A exegese liberal diz que neste Evangelho se revelaria o facto de que Jesus teria substituído o culto com a moral. Ele teria posto de lado o culto com todas as suas práticas inúteis. A relação entre o homem e Deus basear-se-ia agora unicamente na moral. Se isto fosse verdadeiro, significaria que o cristianismo, na sua essência, é moralidade — isto é, que nós próprios nos tornamos puros e bons mediante o nosso agir moral. Se reflectirmos de modo mais profundo sobre esta opinião, é óbvio que esta não pode ser a resposta completa de Jesus à questão sobre a pureza. Se quisermos sentir e compreender plenamente a mensagem do Senhor, então devemos ouvir também plenamente — não nos podemos contentar com um pormenor, mas devemos prestar atenção a toda a sua mensagem. Por outras palavras, devemos ler totalmente os Evangelhos, todo o Novo e, com ele, o Antigo Testamento.

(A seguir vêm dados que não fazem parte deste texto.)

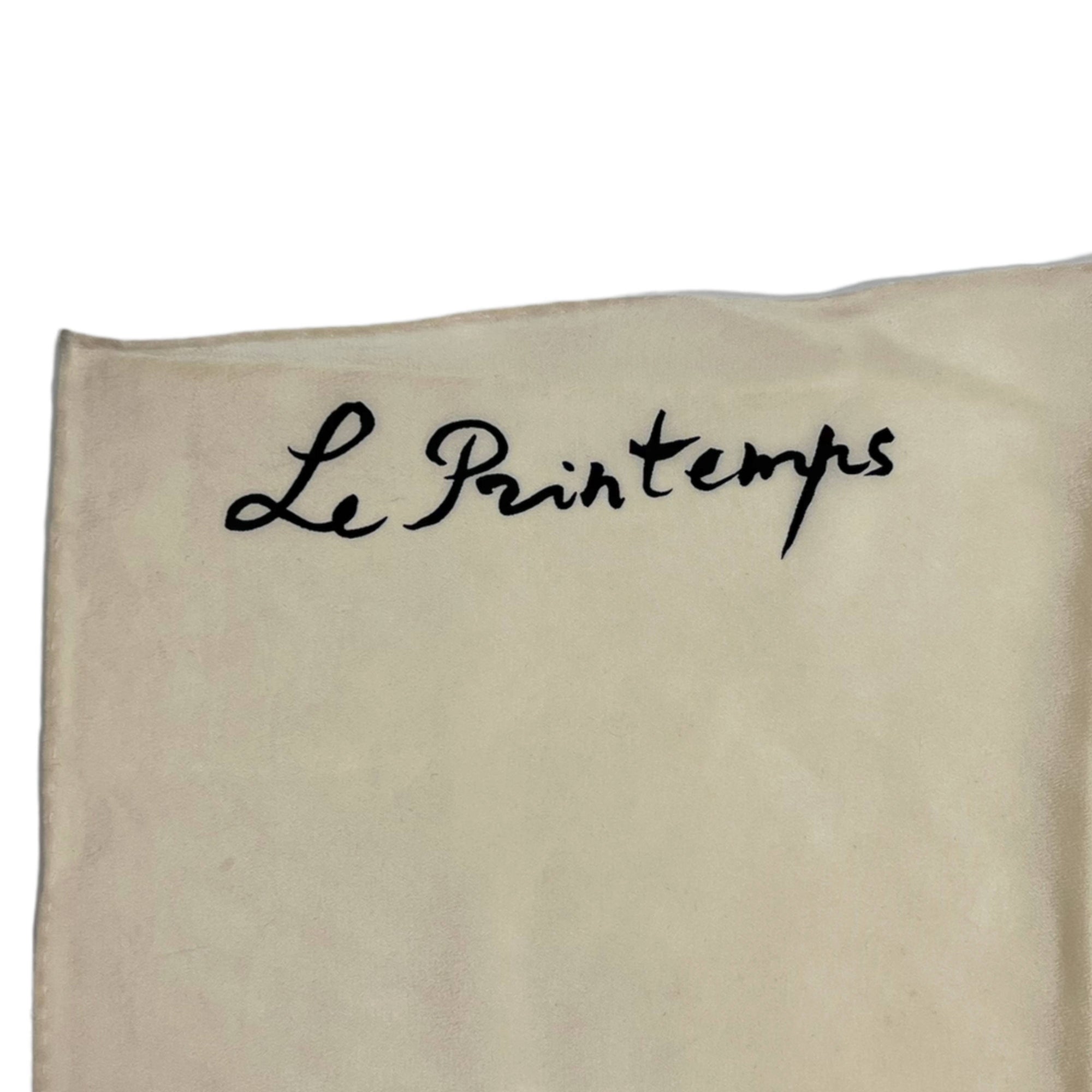 80s Vintage Yves Saint Laurent Silk Scarf Le Printemps 1983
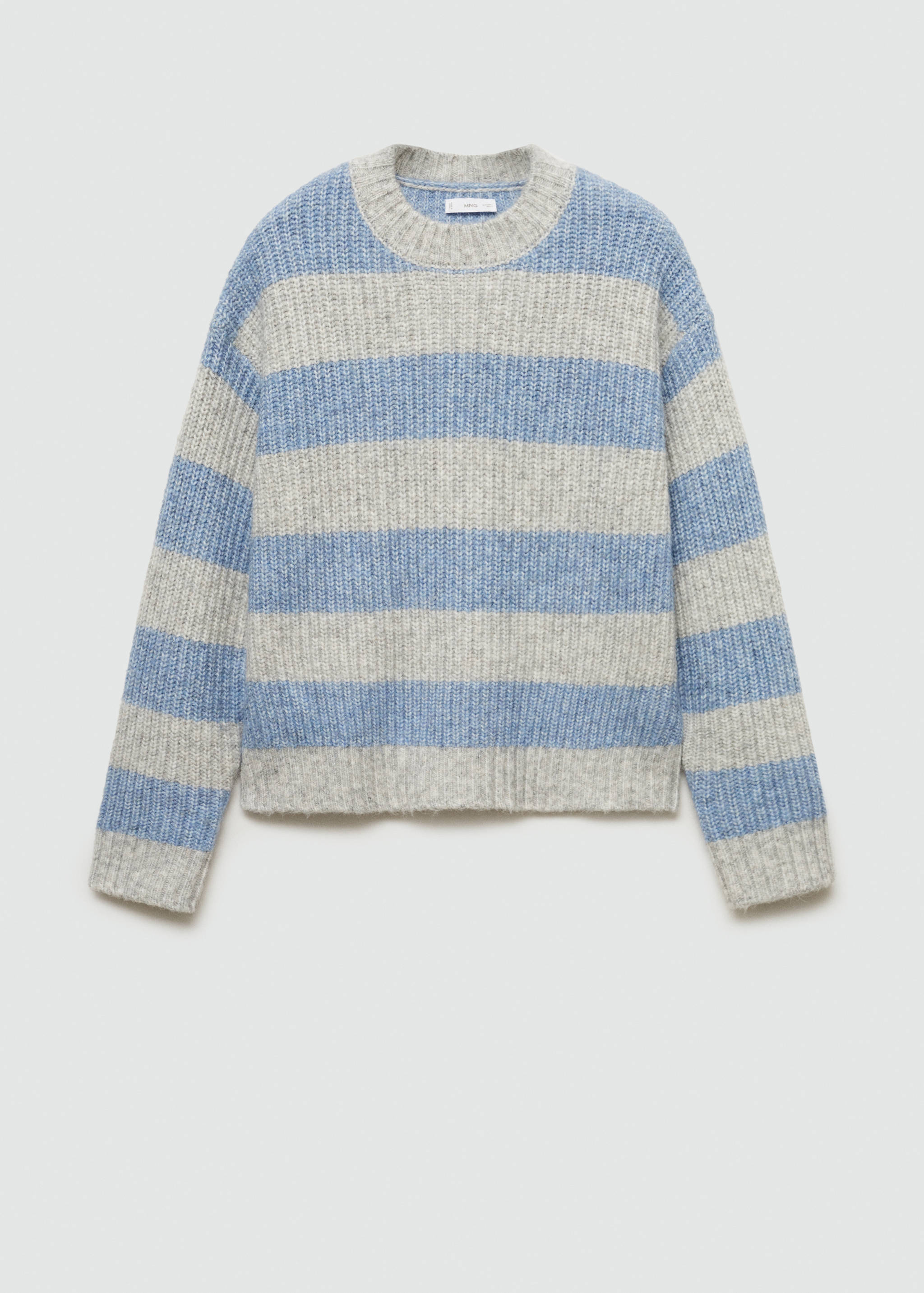 Knit striped sweater - Article without model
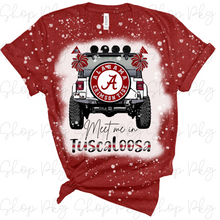 Load image into Gallery viewer, Meet Me in Tuscaloosa Jeep Back
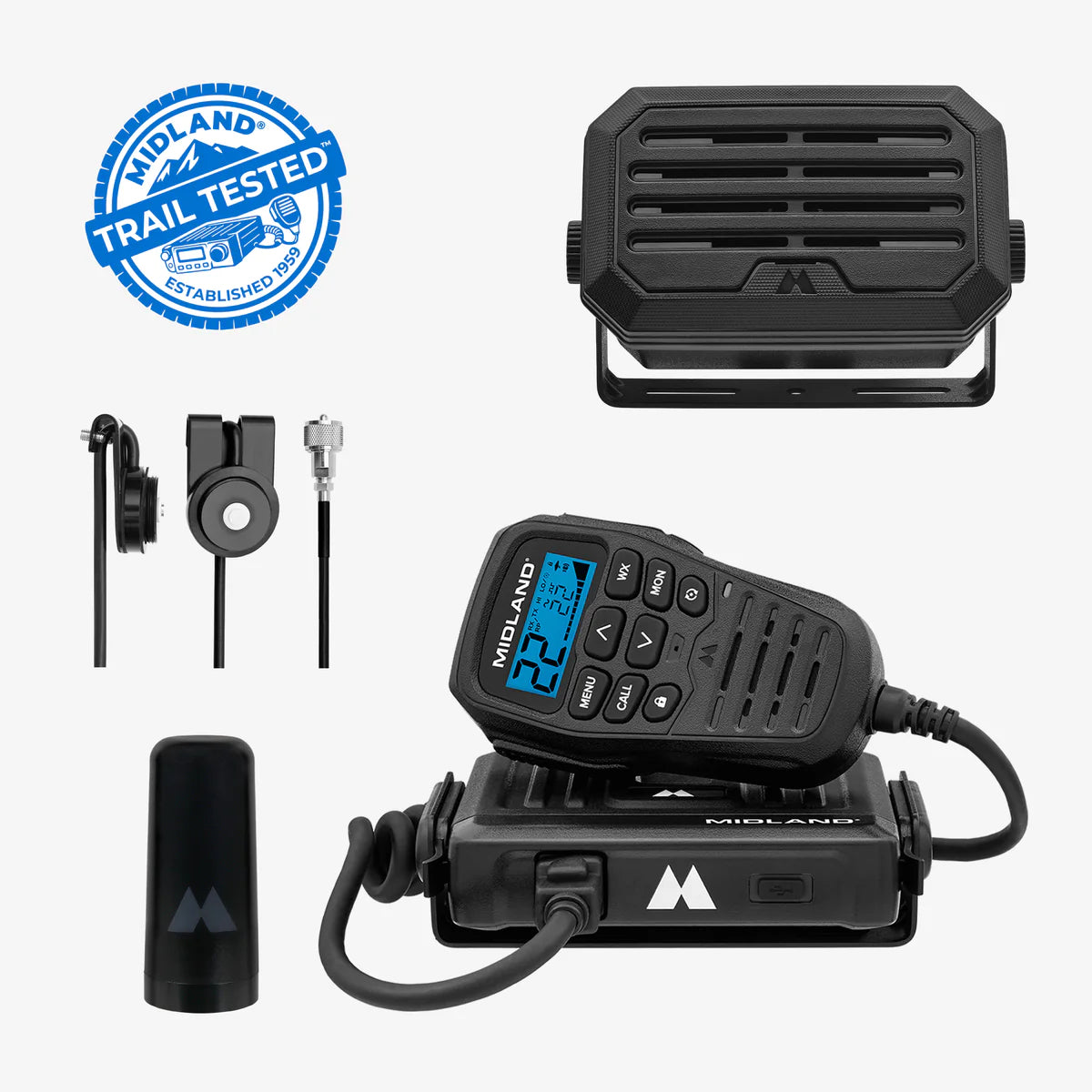 MXT275SPKM 15W MicroMobile GMRS Two-Way Radio | Range Runner Trail Kit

A primeira leitura de hoje, tirada do Livro do Deuteronómio, oferece-nos um pormenor importante de uma resposta e faz-nos dar um passo em frente. Nela ouvimos algo que para nós talvez seja surpreendente, isto é, que Israel é convidado pelo próprio Deus a ser grato e a sentir um orgulho humilde pelo facto de conhecer a vontade de Deus e assim ser sábio. Precisamente naquele período a humanidade, quer em ambiente grego quer semítico, procurava a sabedoria: procurava compreender o que conta. A ciência diz-nos muitas coisas e é-nos útil sob tantos aspectos, mas a sabedoria é conhecimento do essencial — conhecimento da finalidade da nossa existência e de como devemos viver para que a vida tenha o justo êxito. A leitura tirada do Deuteronómio menciona o facto de que a sabedoria, em última análise, é idêntica à Torah — à Palavra de Deus que nos revela o que é essencial, para qual finalidade e de que maneira devemos viver. Assim, a Lei não parece uma escravidão, mas — em semelhança com quanto é dito no Salmo 119 — é causa de uma grande alegria: nós não andamos às apalpadelas na escuridão, não vagueamos em vão à procura do que poderia ser recto, não somos como ovelhas sem pastor, que não sabem onde está o caminho justo. Deus manifestou-se. Ele mesmo nos indica o caminho. Conhecemos a sua vontade e com isto a verdade que conta na nossa vida. São duas as coisas que nos são ditas acerca de Deus: por um lado, que Ele se manifestou e que nos indica o caminho justo; por outro, que Deus é um Deus que nos ouve, que está próximo de nós, nos responde e nos guia. Com isto toca-se também o tema da pureza: a sua vontade purifica-nos, a sua proximidade guia-nos.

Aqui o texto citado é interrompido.